### WHAT TO PRODUCE
Directions for the data below: repeat exactly the lines from the one with "image of business" through the one with "Standbild Penn-Craft Camp", both included, and omit all pictures.

### RECORDS SUPPLIED
*-*-*

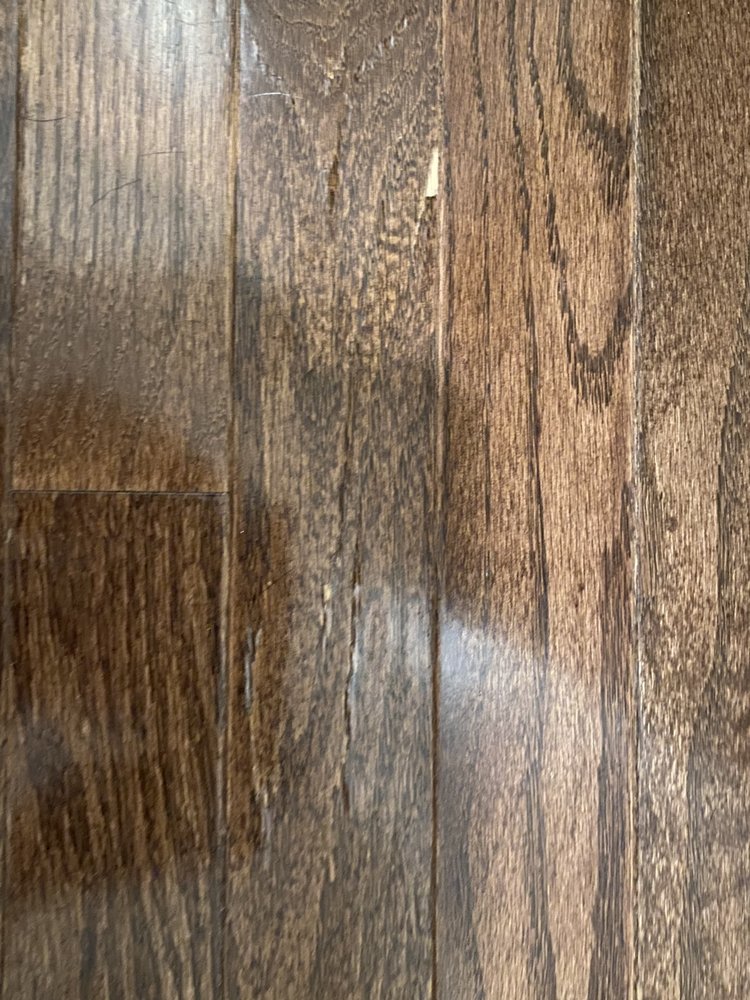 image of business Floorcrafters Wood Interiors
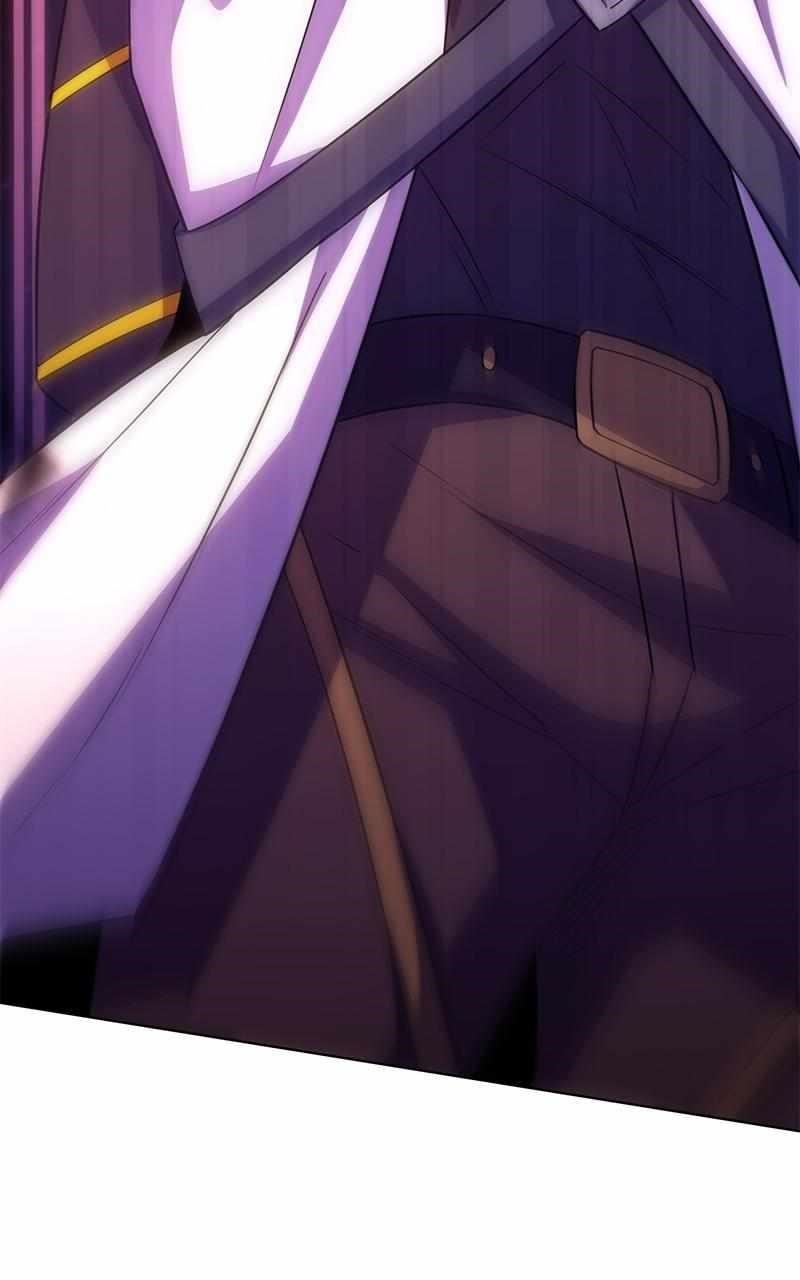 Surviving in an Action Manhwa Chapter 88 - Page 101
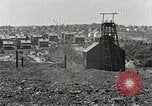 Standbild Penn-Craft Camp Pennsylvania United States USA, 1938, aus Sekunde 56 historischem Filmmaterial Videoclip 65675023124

*-*-*

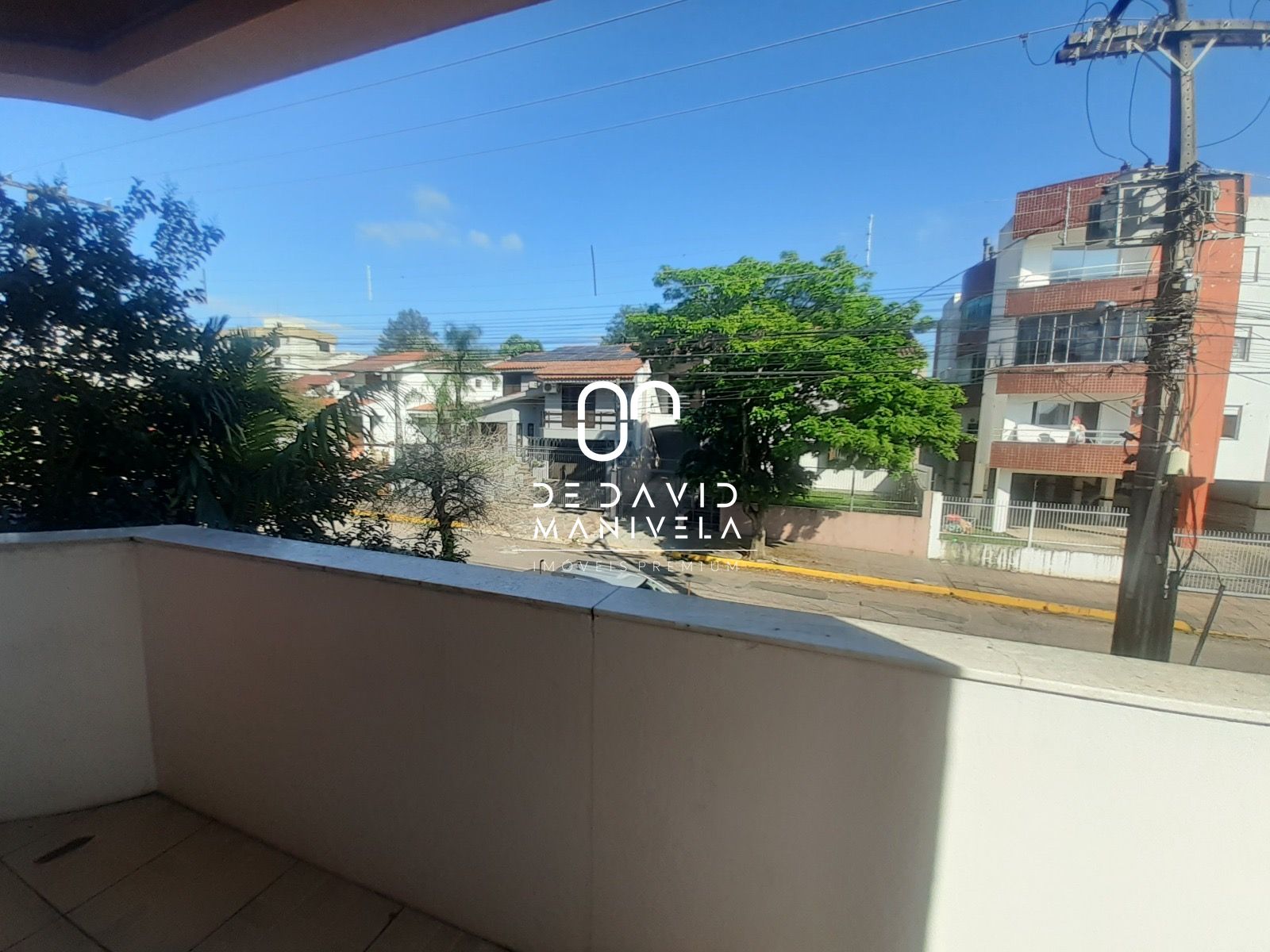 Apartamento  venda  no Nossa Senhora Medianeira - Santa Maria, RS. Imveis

*-*-*

### EXERCISE RESULT
 image of business Floorcrafters Wood Interiors
 Surviving in an Action Manhwa Chapter 88 - Page 101
 Standbild Penn-Craft Camp Pennsylvania United States USA, 1938, aus Sekunde 56 historischem Filmmaterial Videoclip 65675023124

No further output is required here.